Мы поклялись в этом, не зная, что самое страшное было еще впереди.
– Прежде, чем навсегда закрыть дверь в прошлое, я должна сказать, что считаю вас убийцами. Пакито погиб из-за твоей трусости и неумелости, Луис! А ты, Эстебан, никогда не любил его и не захотел спасти из-за своей ревности!
Я порывался возразить, но она меня остановила:
– Молчи! Закончим на этом!
В тот же вечер я уехал в Мадрид.
* * *
В начале года я узнал, что Луис и Консепсьон покинули Севилью и устроились в своей усадьбе недалеко от Валенсии. Итак, Вальдерес вернулся к родным местам.
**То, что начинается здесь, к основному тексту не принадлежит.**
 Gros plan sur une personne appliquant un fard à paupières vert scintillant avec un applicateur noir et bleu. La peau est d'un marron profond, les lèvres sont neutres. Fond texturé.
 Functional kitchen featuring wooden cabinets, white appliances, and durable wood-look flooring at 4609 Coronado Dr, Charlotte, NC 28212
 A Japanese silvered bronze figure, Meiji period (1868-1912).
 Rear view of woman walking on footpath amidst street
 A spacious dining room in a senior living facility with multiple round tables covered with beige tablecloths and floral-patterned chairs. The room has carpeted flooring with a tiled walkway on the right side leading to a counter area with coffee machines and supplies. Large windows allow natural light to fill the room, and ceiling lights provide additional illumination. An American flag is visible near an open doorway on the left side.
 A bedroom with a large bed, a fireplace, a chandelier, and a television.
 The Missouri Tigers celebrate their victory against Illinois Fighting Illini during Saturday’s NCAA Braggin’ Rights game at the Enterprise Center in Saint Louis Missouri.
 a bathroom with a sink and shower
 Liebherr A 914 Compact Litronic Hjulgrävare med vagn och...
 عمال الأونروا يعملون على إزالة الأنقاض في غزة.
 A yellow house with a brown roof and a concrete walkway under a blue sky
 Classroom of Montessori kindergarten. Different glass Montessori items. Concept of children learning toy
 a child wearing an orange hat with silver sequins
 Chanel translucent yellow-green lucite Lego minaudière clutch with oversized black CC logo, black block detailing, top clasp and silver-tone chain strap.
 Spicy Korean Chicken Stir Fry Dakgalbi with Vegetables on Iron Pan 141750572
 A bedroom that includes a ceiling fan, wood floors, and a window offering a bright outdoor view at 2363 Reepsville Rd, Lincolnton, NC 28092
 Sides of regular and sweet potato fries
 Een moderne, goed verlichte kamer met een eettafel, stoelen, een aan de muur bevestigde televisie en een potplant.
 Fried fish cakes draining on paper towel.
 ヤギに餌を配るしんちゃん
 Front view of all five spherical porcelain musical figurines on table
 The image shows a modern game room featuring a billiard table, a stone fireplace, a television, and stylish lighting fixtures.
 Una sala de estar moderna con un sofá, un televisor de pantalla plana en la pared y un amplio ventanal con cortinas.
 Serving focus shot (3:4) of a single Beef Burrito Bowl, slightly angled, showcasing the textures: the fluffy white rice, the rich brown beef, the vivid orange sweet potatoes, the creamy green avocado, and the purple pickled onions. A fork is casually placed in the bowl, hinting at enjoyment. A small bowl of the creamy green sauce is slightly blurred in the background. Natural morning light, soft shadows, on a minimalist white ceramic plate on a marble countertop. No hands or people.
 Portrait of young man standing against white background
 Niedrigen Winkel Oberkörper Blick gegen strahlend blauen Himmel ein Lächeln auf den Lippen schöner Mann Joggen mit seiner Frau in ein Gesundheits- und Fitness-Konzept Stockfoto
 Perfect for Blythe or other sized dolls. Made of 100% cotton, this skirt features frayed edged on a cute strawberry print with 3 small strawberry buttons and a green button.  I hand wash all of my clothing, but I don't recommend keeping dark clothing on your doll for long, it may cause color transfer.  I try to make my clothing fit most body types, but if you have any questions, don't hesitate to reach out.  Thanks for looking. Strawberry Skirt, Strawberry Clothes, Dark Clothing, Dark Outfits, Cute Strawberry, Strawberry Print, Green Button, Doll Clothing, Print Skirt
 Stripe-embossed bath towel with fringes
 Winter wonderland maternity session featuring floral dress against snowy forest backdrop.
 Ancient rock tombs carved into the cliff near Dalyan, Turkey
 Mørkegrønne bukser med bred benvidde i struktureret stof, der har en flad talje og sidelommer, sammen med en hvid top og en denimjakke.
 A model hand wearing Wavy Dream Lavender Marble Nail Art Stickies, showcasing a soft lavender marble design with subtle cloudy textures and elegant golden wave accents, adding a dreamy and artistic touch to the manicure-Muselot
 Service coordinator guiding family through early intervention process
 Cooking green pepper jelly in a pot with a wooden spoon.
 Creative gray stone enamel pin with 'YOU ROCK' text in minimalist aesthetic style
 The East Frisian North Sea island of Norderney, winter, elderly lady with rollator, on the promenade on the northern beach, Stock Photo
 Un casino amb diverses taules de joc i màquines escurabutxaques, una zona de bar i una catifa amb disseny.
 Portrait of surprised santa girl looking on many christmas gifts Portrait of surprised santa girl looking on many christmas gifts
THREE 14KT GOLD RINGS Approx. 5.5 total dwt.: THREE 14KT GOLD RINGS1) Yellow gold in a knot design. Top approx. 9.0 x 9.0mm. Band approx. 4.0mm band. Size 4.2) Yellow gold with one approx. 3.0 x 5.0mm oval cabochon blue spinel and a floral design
Я решил поступить точно так же, потому что никак не мог привыкнуть ни к Мадриду, ни к кастильцам[20]. Тем более, что мне всегда казалось, что в Мадриде я люблю Консепсьон меньше, чем в Севилье, родных местах, напоминающих о счастливом прошлом. Возможно, мне все это только казалось, и, тем не менее, я твердо решил вернуться домой.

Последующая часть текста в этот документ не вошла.